C’est pourtant bien ce qui est arrivé à George Gerfaut. Quelques jours à peine après avoir déposé l’individu blessé devant un hôpital, alors qu’il entame ses vacances familiales à Saint-Georges-de-Didonne en bord de mer, on va intenter à sa vie.

Par miracle il s’en sort. Mais alors que logiquement il devrait se précipiter à la gendarmerie pour signaler les faits, Gerfaut préfère s’enfuir, laissant derrière lui sa femme et ses gosses.

Commence alors un parcours qui ressemble à la fois à une errance et une traque qui va durer plusieurs mois. Acculé, l’instinct de survie de Gerfaut va le pousser à rendre coup pour coup, à ne pas faiblir face au danger, à l’affronter comme un animal.

Et la plongée dans la violence va être spectaculaire, comme dans cette scène mémorable de la station-service.

Paru en 1976, « Le petit bleu de la côte ouest » est une des œuvres majeures de J P Manchette, dont on peut dire que l’adaptation cinématographique ne lui rendit pas franchement hommage ( «  trois hommes à abattre » avec Alain Delon) .

Caractéristiques de ce que l’on va appeler le néo-polar, dont l’auteur est un des pères fondateurs, les romans de JP Manchette vont marquer l’entrée du roman noir dans la critique sociétale et l’engagement politique.

C’est en s’inspirant d’un titre de presse pris à la volée, traitant du « malaise des cadres », que JP Manchette a eu l’idée d’écrire l’histoire de Gerfaut.

Un homme qui s’use à la routine d’une existence sans relief, pris d’une forme de désespoir lancinant devant l’absurdité lassante d’une vie quotidienne qui tourne en rond.

À coup de petits flash-back, Manchette reconstitue le parcours de cet homme ordinaire, qui à partir d’un fait banal va se retrouver précipité dans une dérive meurtrière.

Gerfaut tourne sur le périphérique comme il tourne en rond dans la vie. Son histoire sera aussi une grande boucle qui le ramènera à son point de départ après cette virée violente qui somme toute, lui aura permis de s’échapper et de se sentir enfin vivant. Mais ici point de happy end à l’américaine.

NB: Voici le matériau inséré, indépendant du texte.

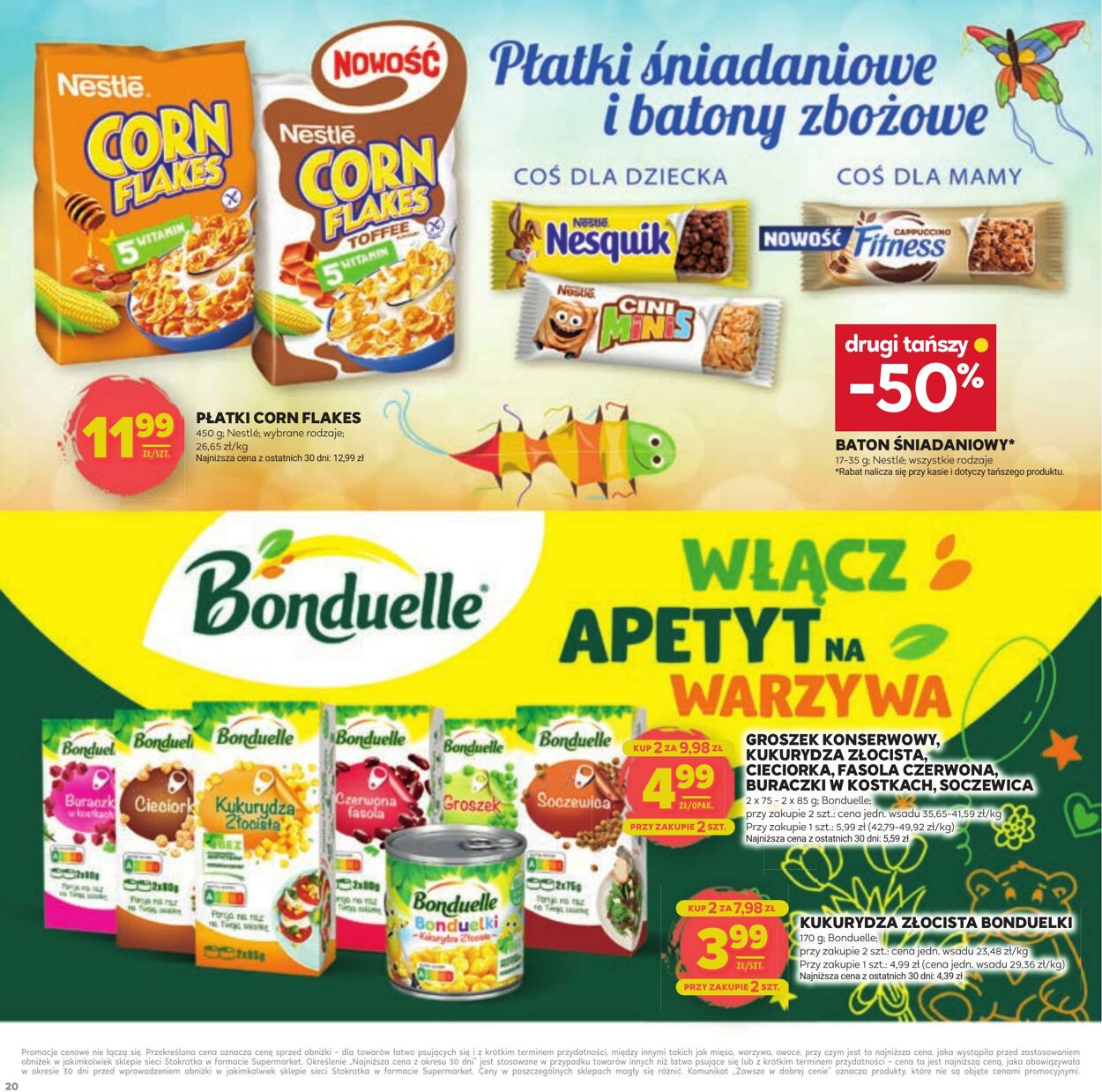 Gazetka Stokrotka 22.05.2025 - 04.06.2025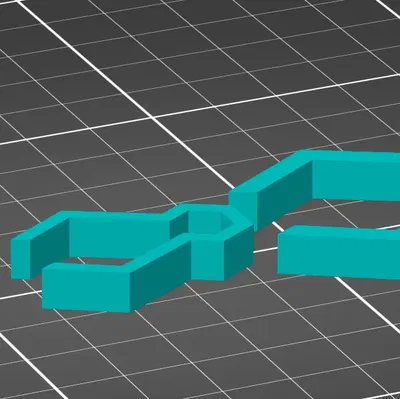 Giá đỡ cây trồng hình lục giác mở rộng cho khu vườn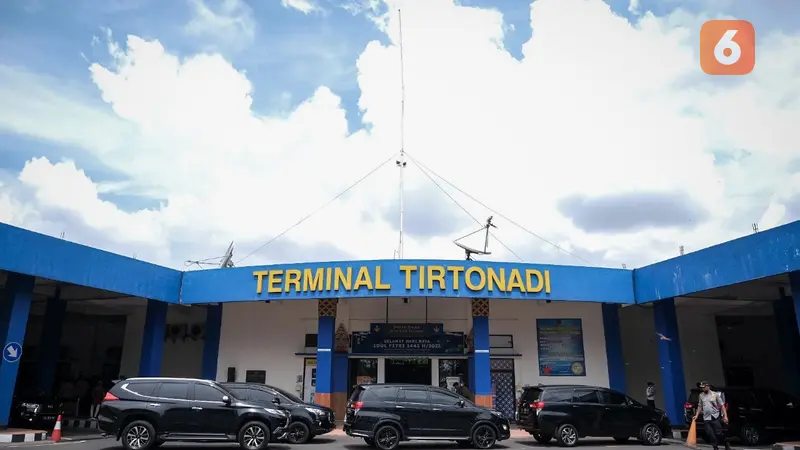 Intip Posko Mudik Di Terminal Tirtonadi Solo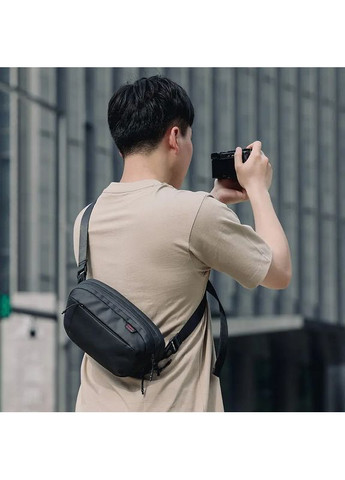 Сумка (BP08) Black (B009GBB1) Ulanzi TRAKER Travel Chest Bag (372840819)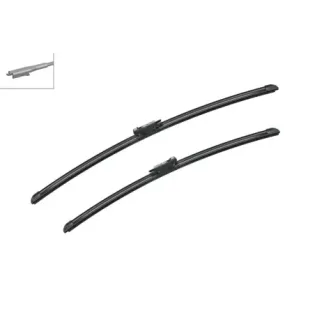 BOSCH 3397118967 Limpiaparabrisas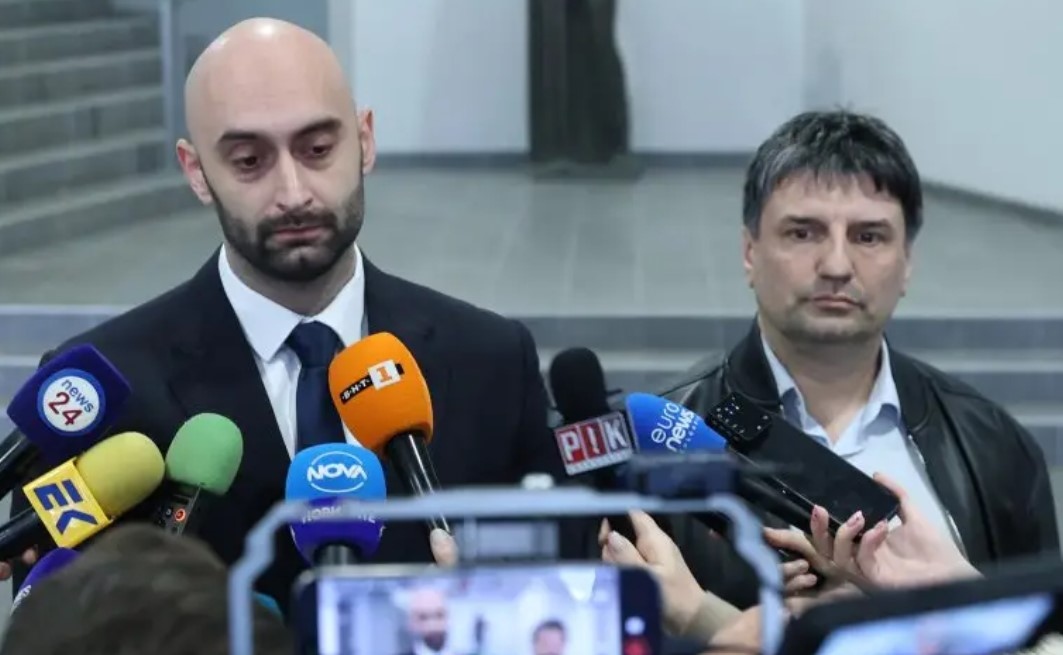 Софийската районна прокуратура привлече като обвиняеми петима души четирима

À travers ce récit on retrouve la marque de fabrique de l’écrivain et de ce nouveau courant littéraire qui émerge dans les années 70 .

Manchette aime à se détacher de son personnage, non sans une certaine ironie, à exploser son parcours.

L’auteur fixe l’attention sur l’action . Il n’accorde volontairement aucune profondeur psychologique à son personnage, le dépouille de toute introspection. Car c’est par l’action elle-même que ce dernier se traduit, et qu’affleurent parfois ses émotions, que le lecteur vigilant saura peut-être deviner.

À l’heure des thrillers, des techniques d’investigation sophistiquées, de l’omniprésence de la science dans la littérature policière d’aujourd’hui, il est jouissif de se plonger ( ou de se replonger) dans la sobriété moderne des romans de Manchette.

Une écriture d’une concision froide, mais d’une grande élégance, des dialogues sobres, mais redoutablement efficaces, un humour parfois absurde et mordant font la signature de cet immense auteur français qui a fait rentrer le polar français dans sa modernité par sa capacité à décrire la noirceur du monde qui nous entoure et à y impliquer son lecteur.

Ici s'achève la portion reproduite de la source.